AGI - La sorte della direttrice finanziaria di Huawei, Meng Wanzhou, è legata a un possibile accordo tra i suoi avvocati e funzionari del Dipartimento di Giustizia degli Stati Uniti. Gli Usa sarebbero disposti a lasciarla tornare in Cina, in cambio dell’ammissione di illeciti da lei commessi nel processo a cui è sottoposta in Canada.
I colloqui tra il team legale di Meng e i funzionari di Washington sono stati svelati dal Wall Street Journal, che cita fonti al corrente della situazione, alcune delle quali affermano che, finora, la direttrice finanziaria del colosso delle telecomunicazioni di Shenzhen non avrebbe accettato la proposta.
Un epilogo “a lieto fine” della vicenda giudiziaria di 'lady Huawei' - in coincidenza con il termine dell’amministrazione Usa guidata da Donald Trump - potrebbe anche spianare la strada al rientro in Canada dei due cittadini canadesi arrestati in Cina pochi giorni dopo l’arresto di Meng a Vancouver: l’ex diplomatico Michael Kovrig e l’uomo d’affari Michael Spavor, ufficialmente incriminati per spionaggio a giugno scorso.
Meng è stata arrestata all’aeroporto di Vancouver il 1 dicembre 2018 su richiesta degli Stati Uniti che ne chiedono l’estradizione per frode bancaria e violazione delle sanzioni all’Iran, destando la rappresaglia, mai considerata ufficialmente tale da Pechino, ai danni dei due canadesi, detenuti e in attesa di processo in Cina. Per Pechino Meng è “innocente e non ha commesso nessuno dei reati di cui la accusano Canada e Stati Uniti”, ha dichiarato la portavoce del ministero degli Esteri, Hua Chunying, senza citare la possibilità di un accordo per il suo ritorno in Cina: il processo ai danni della direttrice finanziaria di Huawei è “un grave incidente politico” che mira a realizzare il disegno degli Stati Uniti di reprimere le aziende dell’high-tech cinese, di cui Ottawa è “complice”.
L’atmosfera tra Pechino e Washington è più che mai tesa nell’ultimo scorcio di presidenza Usa targata Donald Trump: il direttore della National Intelligence Usa John Ratcliffe, in un articolo sul Wall Street Journal ha definito la Cina “la più grande minaccia all’America di oggi e alla democrazia e alla libertà nel mondo dal Seconda Guerra Mondiale”.

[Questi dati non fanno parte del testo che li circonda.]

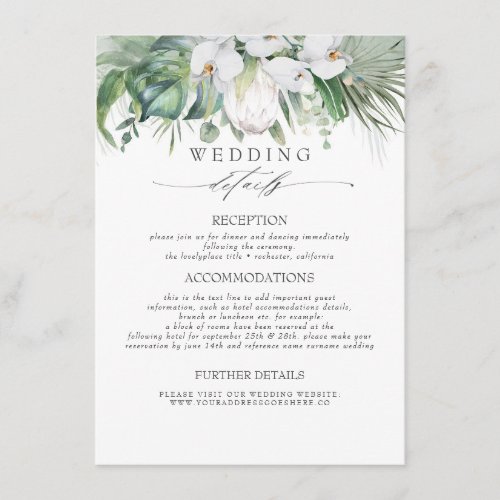 Soft Greenery Tropical Flowers Wedding Information
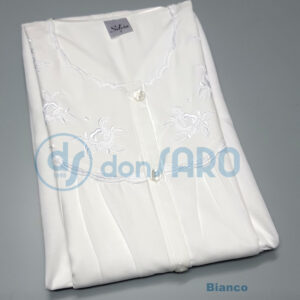 Camicia notte donna aperta manica corta mussola Silvia 8024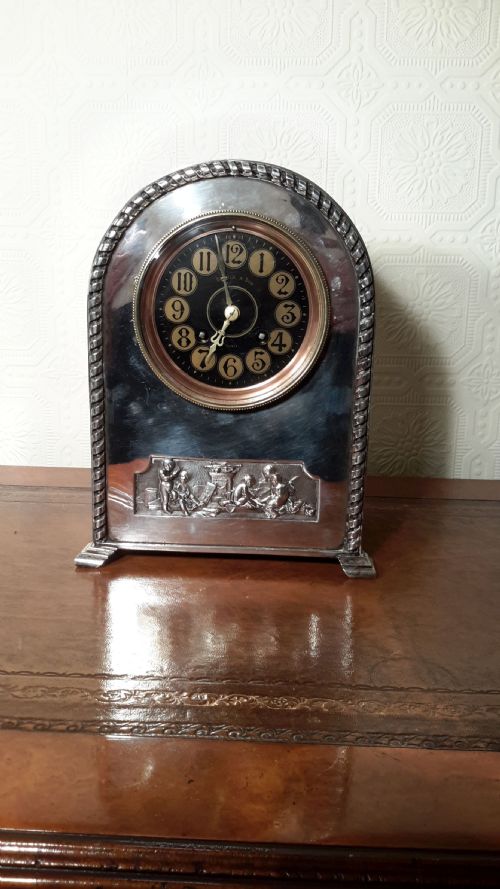 Chromed Art-nouveau Mantel Clock. Japay Freres.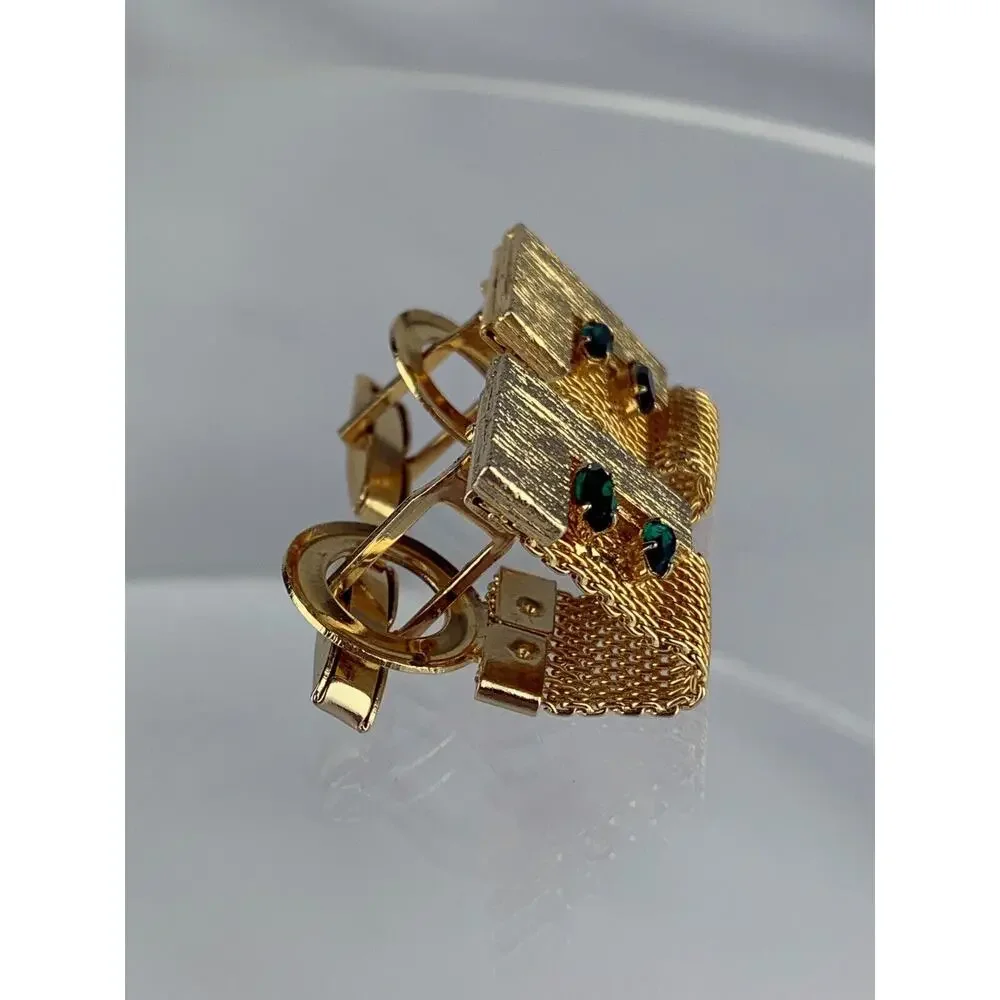 Modernist Block Green Rhinestones Gold Tone Mesh Wrap Cufflinks Vintage N1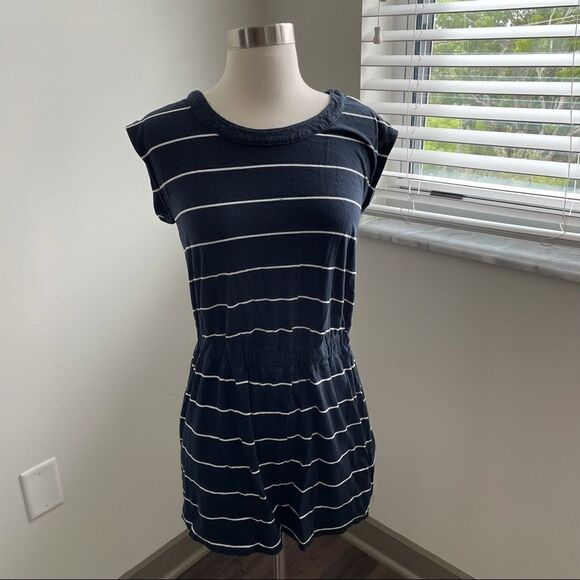 𝅺banana Republic Navy Stripped Dress - Picture 1 of 5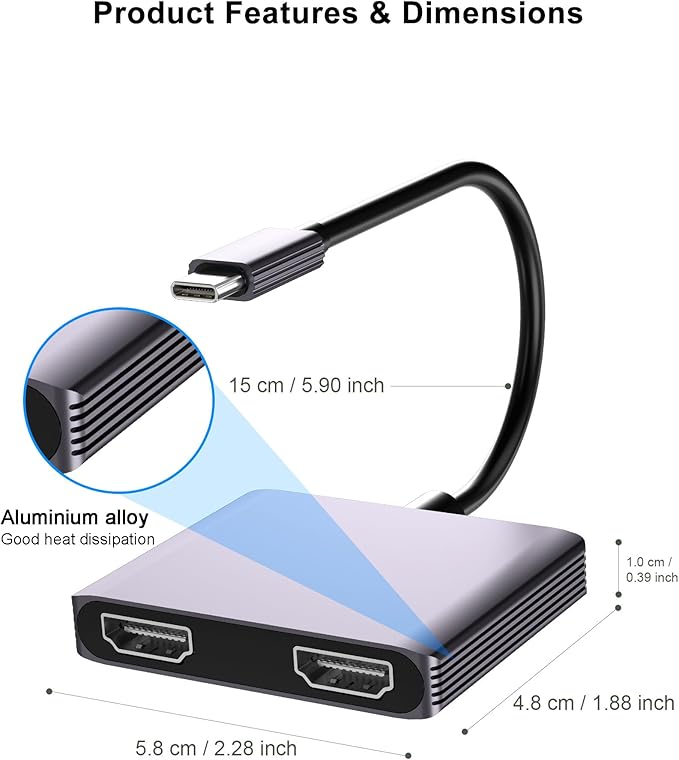 Adaptador USB C a HDMI Dual Monitor, Hub para Laptop miniatura 7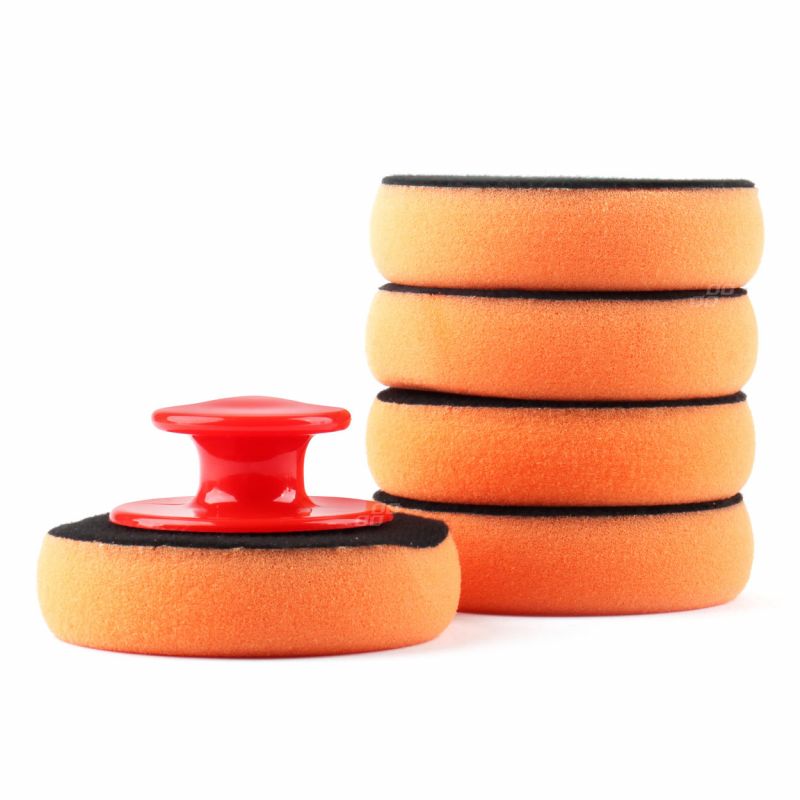 Conjunto de esponjas para encerar carro com cabo de 10cm, 5 unidades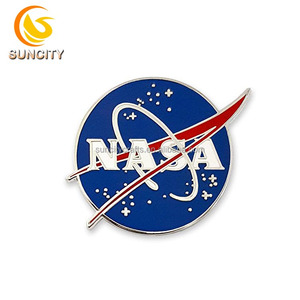 Groothandel Custom Nasa Logo Metalen Hard Zacht Email Reversspeld Met Verzilverd Geen Minimum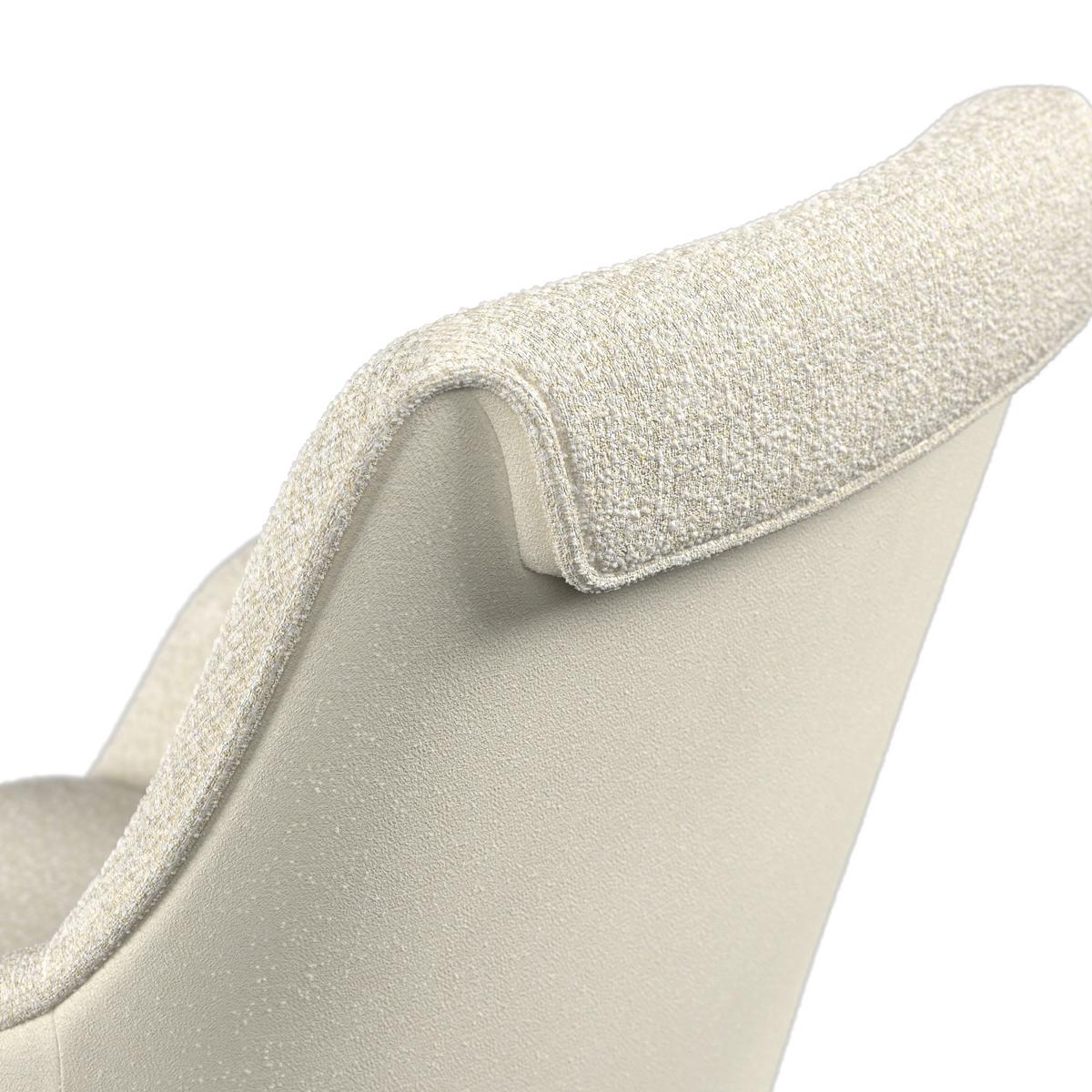 Armlehnstuhl Serena Creme Chenille/Leinenoptik Drehbar - Eichefarben/Creme, MODERN, Holz/Textil (62/86/65cm) - Bessagi Home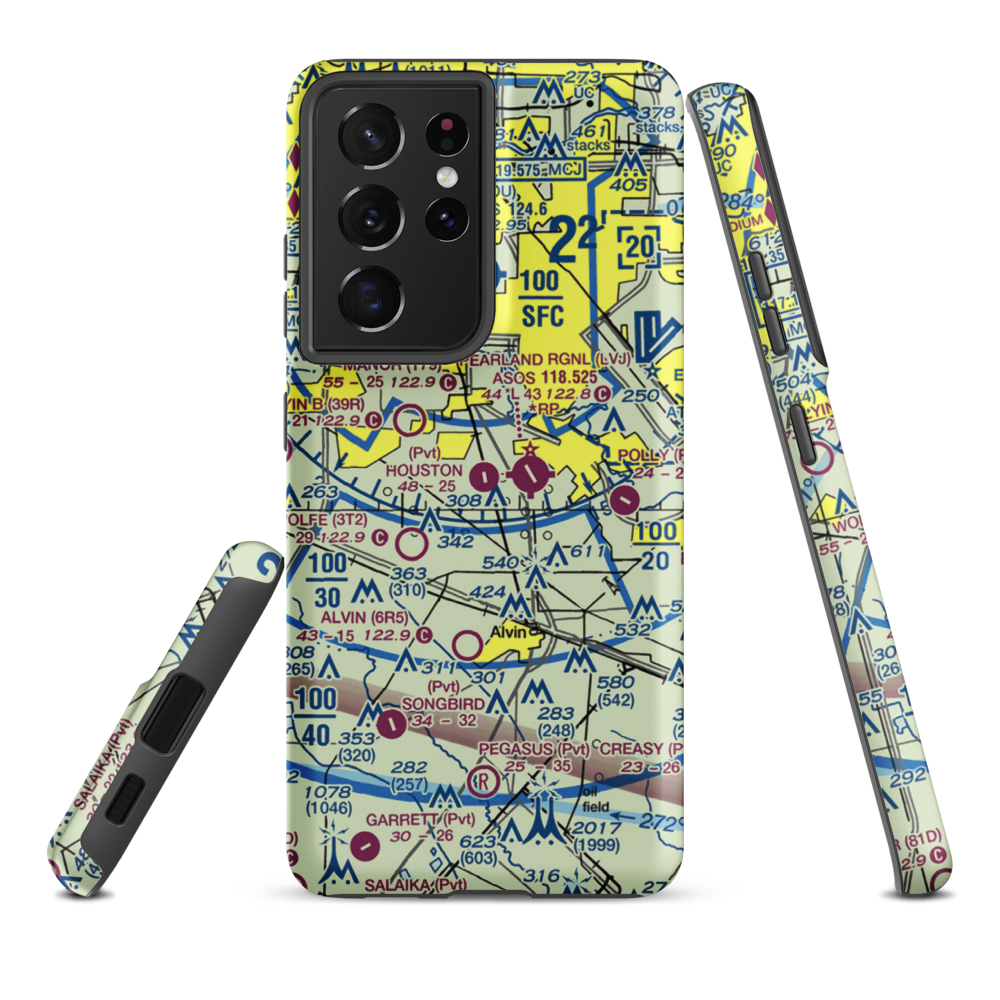 Houston Airpark (21XS) VFR Sectional Samsung Phone Case Samsung Galaxy S21 Plus model shown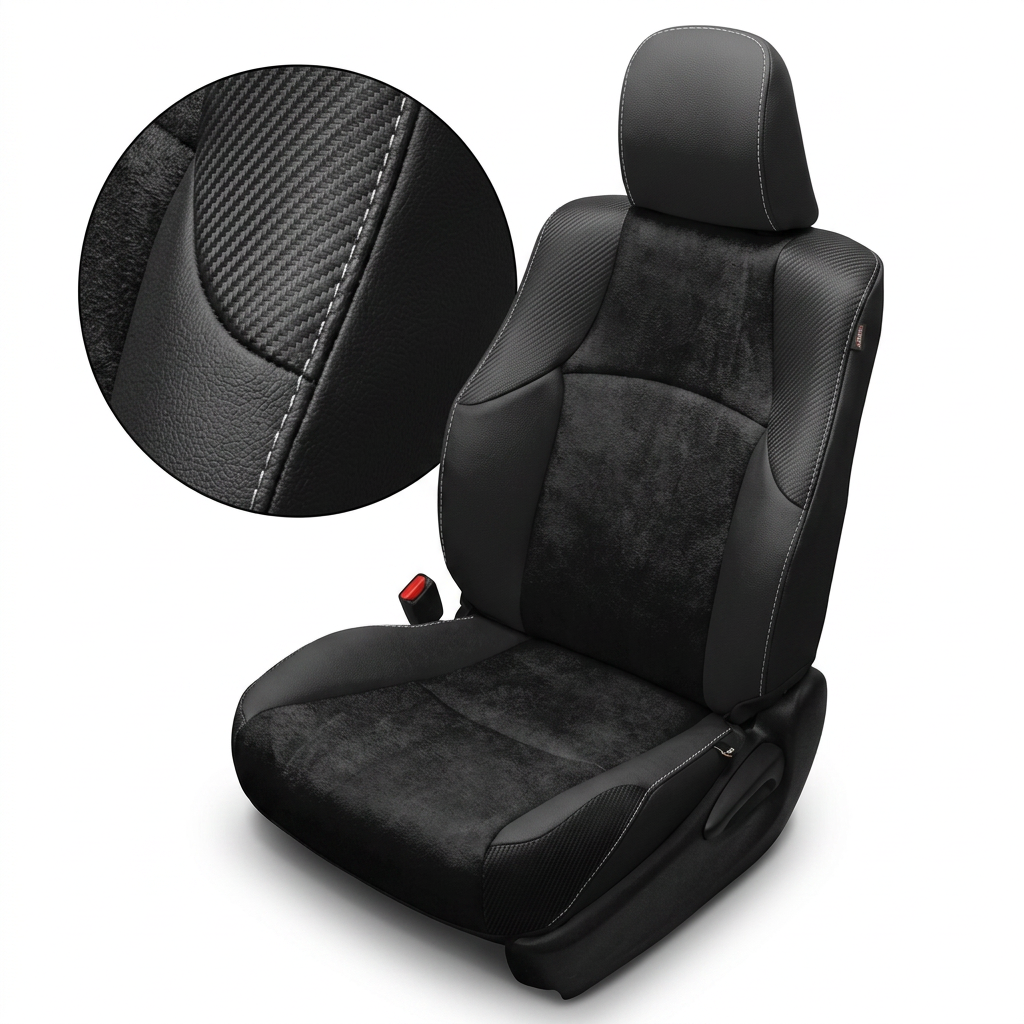 Close-up product image of a 2010–2024 Toyota 4Runner SR5 Leatherteck leather seat upholstery kit in black, featuring black automotive suede inserts, carbon fiber-style accent panels, and silver contrast stitching. The seat is shown on a white background with a circular zoom inset highlighting the carbon fiber-style texture, black leather grain, and silver stitched seam detail. The full seat displays a black headrest with silver stitching, black suede center panels on the seatback and cushion, smooth black 
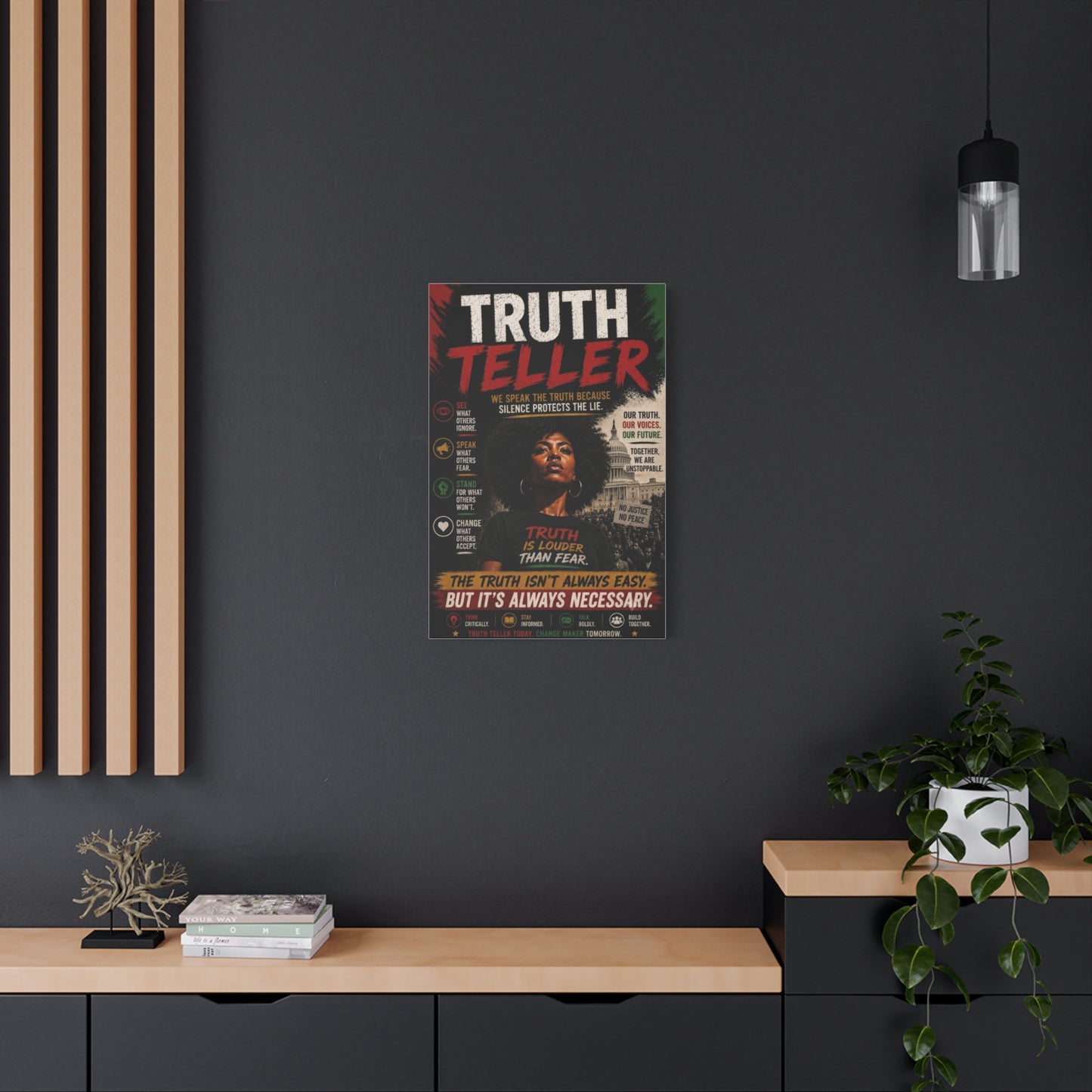 Truth Teller We Cut Through the Lies So You Can See the Truth. Canvas Wall Art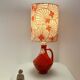 Small accent lamp by Bay Keramik – cordless with Japanese lotus fabric.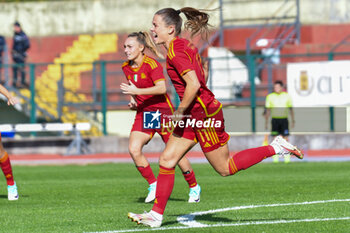 2023-11-05 - Haavi scores her team's first goal to make the score 2-0 for AS Roma during Serie A Femminile match between Juventus and AS Roma at Stadio La Marmora, Biella - JUVENTUS FC VS AS ROMA - ITALIAN SERIE A WOMEN - SOCCER
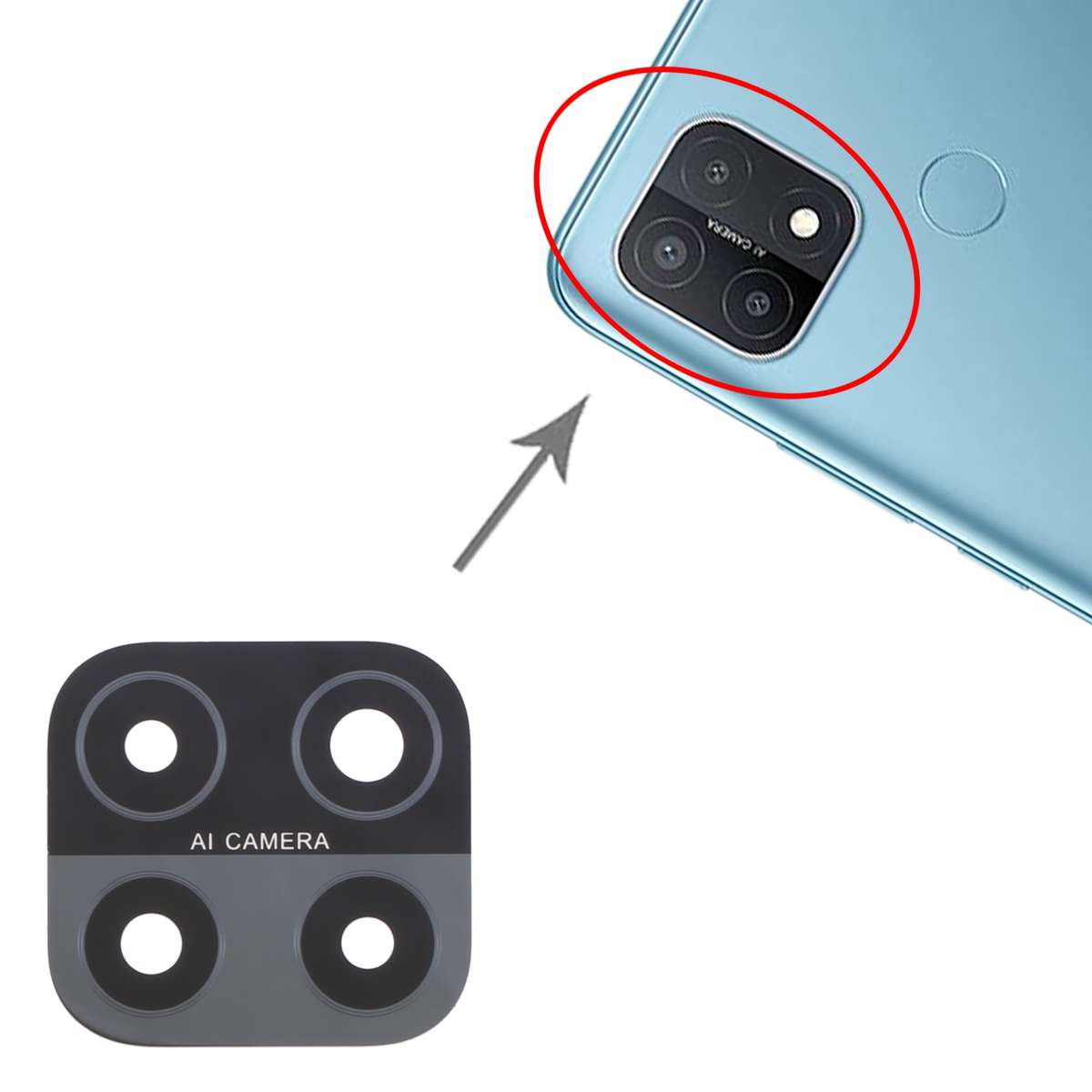 For OPPO A15 / A15s / A35 CPH2185 CPH2179 PEHM00 10pcs Back Camera Lens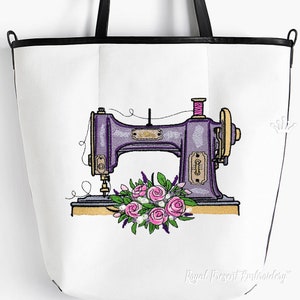 Sewing machine with a bouquet of roses machine embroidery design - 6 sizes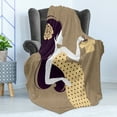 thumbnail image 4 of Vintage Woman Soft Flannel Fleece Throw Blanket, Retro Silhouette of Pregnant Woman Holding a Baby Jacket Mom Image, Cozy Plush for Indoor and Outdoor Use, 50" x 70", Multicolor, by Ambesonne, 4 of 5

Per Pechino è soltanto “un miscuglio di bugie”, ma il clima si fa ancora più rovente, proprio sul piano tecnologico, dopo l’inclusione di altre quattro aziende nella black list Usa delle aziende ritenute in legami con le Forze Armate cinesi, tra cui figurano anche il gigante dei semiconduttori Smic e il colosso del greggio offshore China National Offshore Oil Corporation (Cnooc), entrambi negativi in chiusura alla Borsa di Hong Kong: il titolo Smic ha perso il 5,41%, mentre Cnooc ha ceduto il 3,90%.
In attesa di un accordo, le udienze del processo a Meng Wanzhou sono riprese la settimana scorsa alla Corte Suprema della British Columbia, dove gli avvocati della Cfo di Huawei puntano a dimostrare violazioni dei diritti della loro assistita negli eventi che hanno portato al suo arresto. Meng, figlia del fondatore di Huawei Ren Zhengfei, è stata rilasciata su cauzione pochi giorni dopo l’arresto, ma non può lasciare il Canada.
Anche se un accordo per permettere a Meng di tornare in Cina contribuirebbe ad allentare la tensione diplomatica con il Canada, i rapporti tra Pechino e Ottawa sono da tempo deteriorati: nelle scorse settimane, il primo ministro canadese, Justin Trudeau ha affermato chiaramente di non avere mai avuto alcun “rimpianto” per l’arresto della direttrice finanziaria di Huawei, difendendo lo stato di diritto in Canada e l’alleanza con gli Stati Uniti.